The Government is "very close" in reaching an "agreement of principle" with self-employed to implement the new contributions system that is based on real income. The president of ATA Lorenzo Amor made this announcement Monday. This is the group that has been the most critical of the text's implementation. Sources from the Department of Social Security confirm that the agreement in principle will be announced within the "next few days". The Royal Decree to Implement the New Scheme was approved by the Council of Ministers this Monday. It is intended to fulfill the milestone that was agreed with Brussels in the first half of 2022. However, it only states that the quotations may be modified up to six more times to adapt them to their yields and leaves the quotas open while they wait for the agreement to come into effect.
It was not an easy road to reach this foreseeable close consensus. Jose Luis Escriva, the minister, had to make a series of concessions to satisfy most people, including employers. However, before the employer gives its definitive yes, it wants to set the application calendar with the goal that the quota increases be progressive.
The Executive presented a new proposal at yesterday's meeting. It proposes that contributions from the over 3.3 million self-employed be established for three years instead of nine. These fees will be based on net income (not from other activities) and range from 230 to 590 euros. It also pledges to increase the maximum contribution base for people over 47, which is another requirement of CEOE.
"At the moment, we are very close, much closer than the last week but it is caught with pins," said Amor. He delayed definitive support until they saw "the horizons 2023, 2024 Sections and 2025>> as well as the final text. They highlighted the "significant progress" made by the Ministry of Social Security at the meeting.
This newspaper exclusively reported that the latest Government proposal increases the contribution brackets from 15 based upon the net income of self-employed activity. It also includes a bracket for people who earn more than 6,000 euro per month. This was a request by ATA to reduce the fee for those earning less. Similar to Escriva, Escriva agreed to the UATAE and UPTAE demands to reduce the contribution of those earning less. This means that almost everyone benefits from the new approach, with the exception of those with very high incomes.

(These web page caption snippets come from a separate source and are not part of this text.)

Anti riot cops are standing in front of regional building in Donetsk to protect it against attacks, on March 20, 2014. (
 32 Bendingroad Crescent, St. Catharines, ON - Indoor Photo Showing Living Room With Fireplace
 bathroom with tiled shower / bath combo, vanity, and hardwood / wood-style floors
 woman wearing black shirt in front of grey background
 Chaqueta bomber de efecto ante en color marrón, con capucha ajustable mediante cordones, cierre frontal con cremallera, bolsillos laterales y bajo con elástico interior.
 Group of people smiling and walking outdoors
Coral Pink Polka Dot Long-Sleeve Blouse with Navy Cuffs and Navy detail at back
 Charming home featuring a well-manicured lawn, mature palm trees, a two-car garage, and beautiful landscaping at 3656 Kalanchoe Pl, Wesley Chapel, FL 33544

The lowest monthly fee for people earning less than 670 euro is now 230 euros. This is 15 euros less than the old one and far below the current 294. According to Eduardo Abad (president of UPTA), this will result in a 767 euro per year reduction for self-employed workers. He stated that the proposal "satisfies expectations."
All those with returns below 1,300 euro per month (about 2.25 million) will see their prices rise, while those earning between 1,300 to 1,700 euros will maintain them. Contributions will increase based on these incomes. However, everyone will pay slightly less than the previous proposal. The exception is those above 6,000 euro who will have to pay 2,546 Euros more per year than the minimum quota these workers have today.